* [EXERCISE]
Quote the entries word for word. Omit the pictures.

* * * * * * *

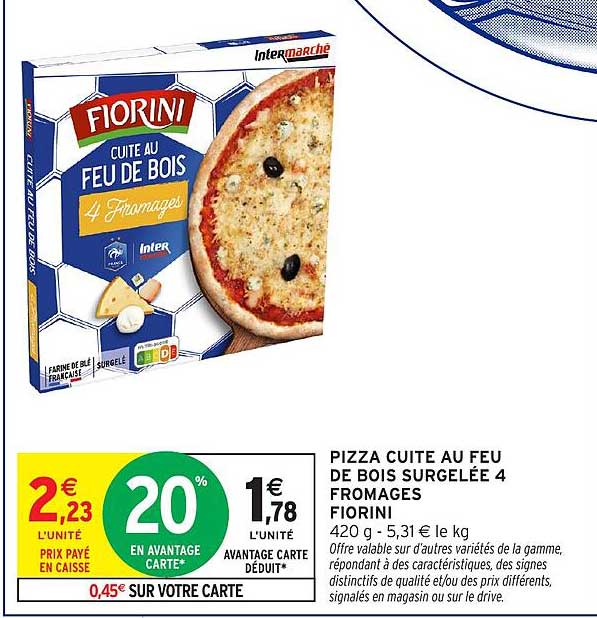 PIZZA CUITE AU FEU DE BOIS SURGELÉE 4 FROMAGES FIORINI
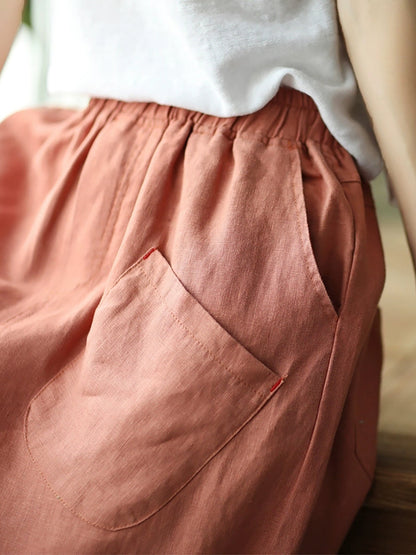 Linen Harem Pants Summer Women Pure Color
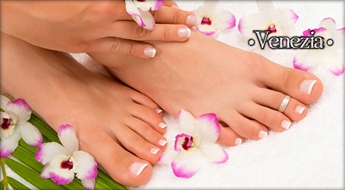 МАНИКЮР или ПЕДИКЮР с лаковым покрытием Gelish Harmony в салоне красоты «Venezia» со скидкой до 55%!
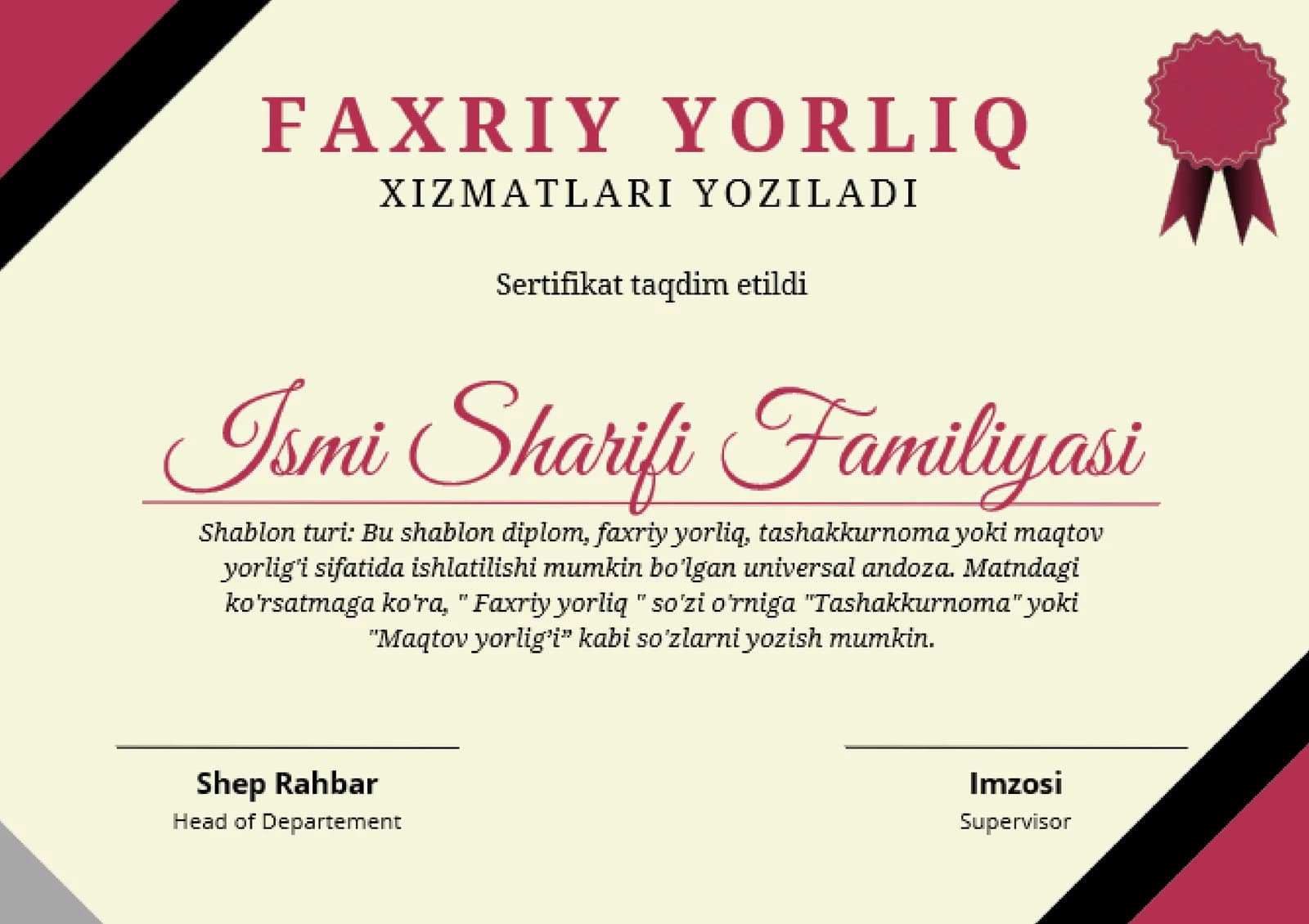 FAXRIY YORLIQ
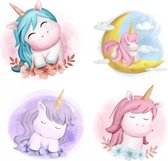 Patches eenhoorn - Strijkapplicaties unicorn - Set van 4 - Kleding badges - Strijkpatches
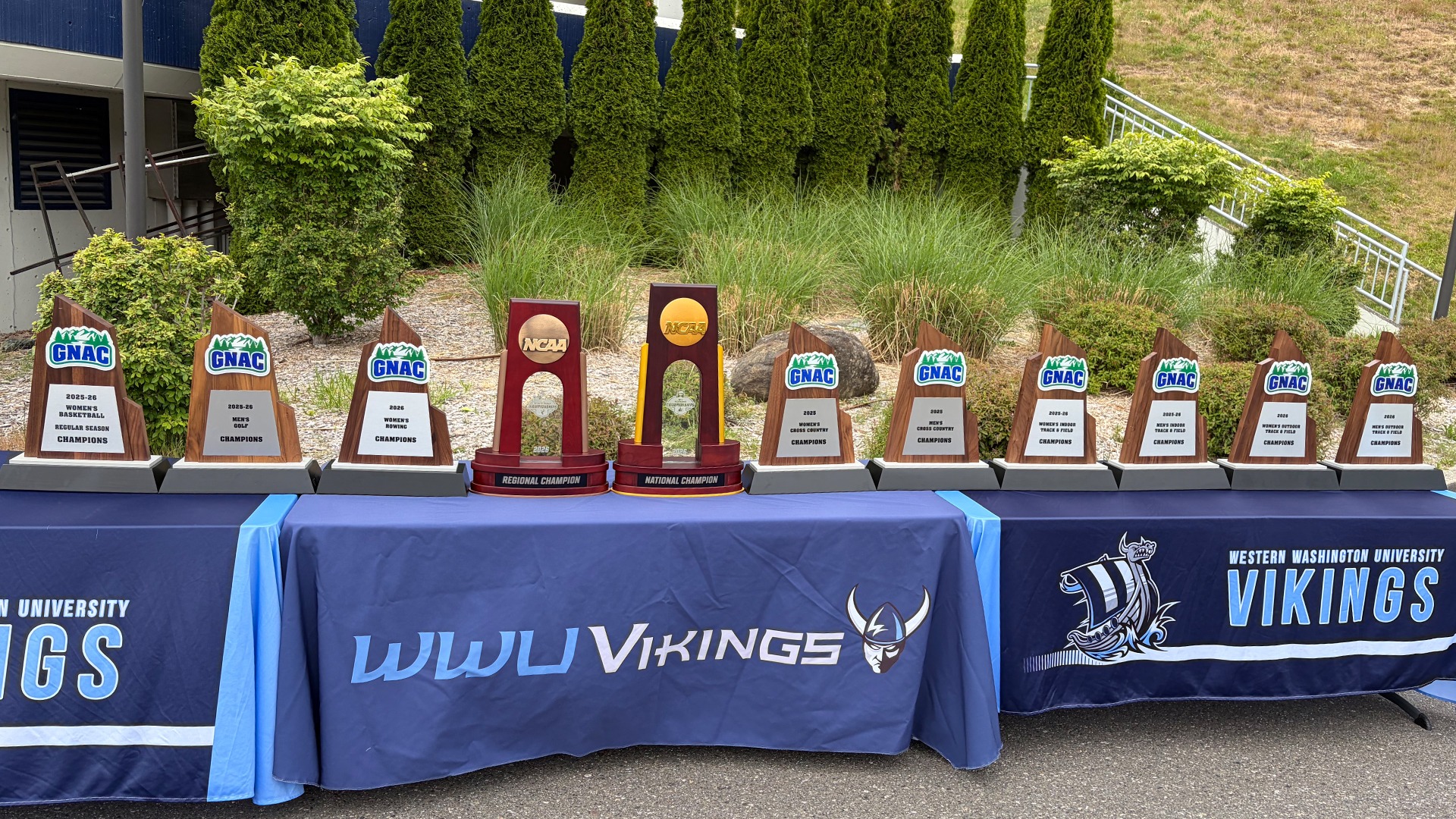 2025-26 GNAC and NCAA Trophies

* * * * * * *

* [RESPONSE]
 PIZZA CUITE AU FEU DE BOIS SURGELÉE 4 FROMAGES FIORINI
 Linen Harem Pants Summer Women Pure Color
 МАНИКЮР или ПЕДИКЮР с лаковым покрытием Gelish Harmony в салоне красоты «Venezia» со скидкой до 55%!
 FAXRIY YORLIQ
 Patches eenhoorn - Strijkapplicaties unicorn - Set van 4 - Kleding badges - Strijkpatches
 2025-26 GNAC and NCAA Trophies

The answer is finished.